Gerd e sua moglie sul set di Mary Poppins |
Gerd Müller porta con sé, ha sempre portato con sé da quando
è apparso sui campi cari a Eupalla, un lato incognito, enigmatico, come una
conoscenza di mondi interiori e di futuri anteriori che a noi sono preclusi. Dove, nella nostra ordinarietà, non siamo mai stati. La sera dell'17 luglio 2011
Gerd uscì dall'albergo di Trento dove il Bayern era in ritiro per la
preparazione estiva e scomparve apparentemente nel nulla. Solo dopo molte ore fu
rintracciato, dicono le cronache pedestri, in "stato confusionale".

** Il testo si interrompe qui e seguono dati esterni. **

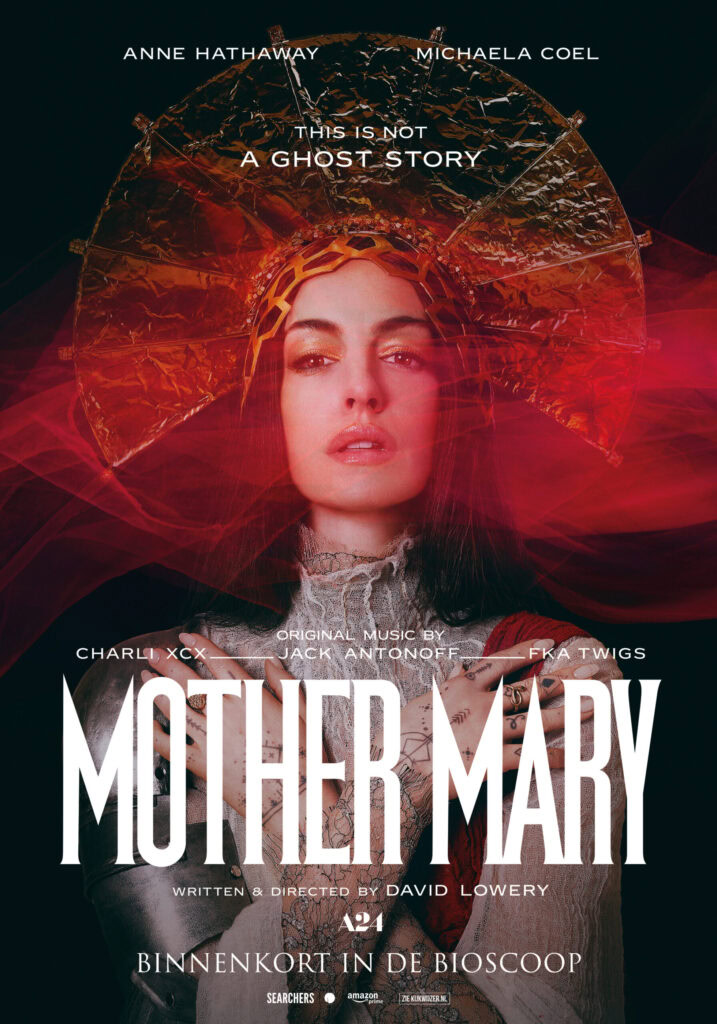 Mother Mary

Non credo sia vero: lo è solo secondo la ragione che si vuole “scientifica”, ma
non lo è secondo i suoi percorsi.
Ci viene in aiuto la narrazione visionaria di uno dei grandi
registi tedeschi suoi coetanei, Werner Herzog, che ha cominciato a lasciare i
suoi segni indimenticabili nell'immaginario collettivo nei medesimi anni in cui
Gerd ha cominciato a lasciare i propri nell'immaginario calcistico. Werner è
stato, ed è, un impasto di personalità, di talento e di curiosità paragonabili
a quelli di un Cesar Menotti o di un Günter Netzer, per restare ad alcuni
grandi artisti coevi. Werner è un esploratore di mondi estremi: si è inoltrato
nel regno dell’oscurità, ha parlato il linguaggio dei freaks, ci ha mostrato le scimmie mentre fumano e meditano.
Kaspar Müller |
Non mi meraviglia pertanto che abbia esplorato per primo
anche l'enigma di Kaspar Müller in un film struggente dello stesso anno in cui
Gerd vinse la sua prima Coppa dei campioni e il Weltmeisterschaft (Jeder fur
sich Gott gegen, 1974 [vedi]). Se
proviamo a rileggerne alcuni “riflessi” l'evidenza è per certi rispetti
sconvolgente. In un intenso fraseggio col suo mentore, nei cui tratti non avrei
dubbi di ravvisare la paziente maieutica di Helmut Schön, Gerd esprime la piena
consapevolezza del suo destino: «Sì, ho proprio l'impressione che la mia
apparizione qui, su questa terra, sia stata una caduta pesante».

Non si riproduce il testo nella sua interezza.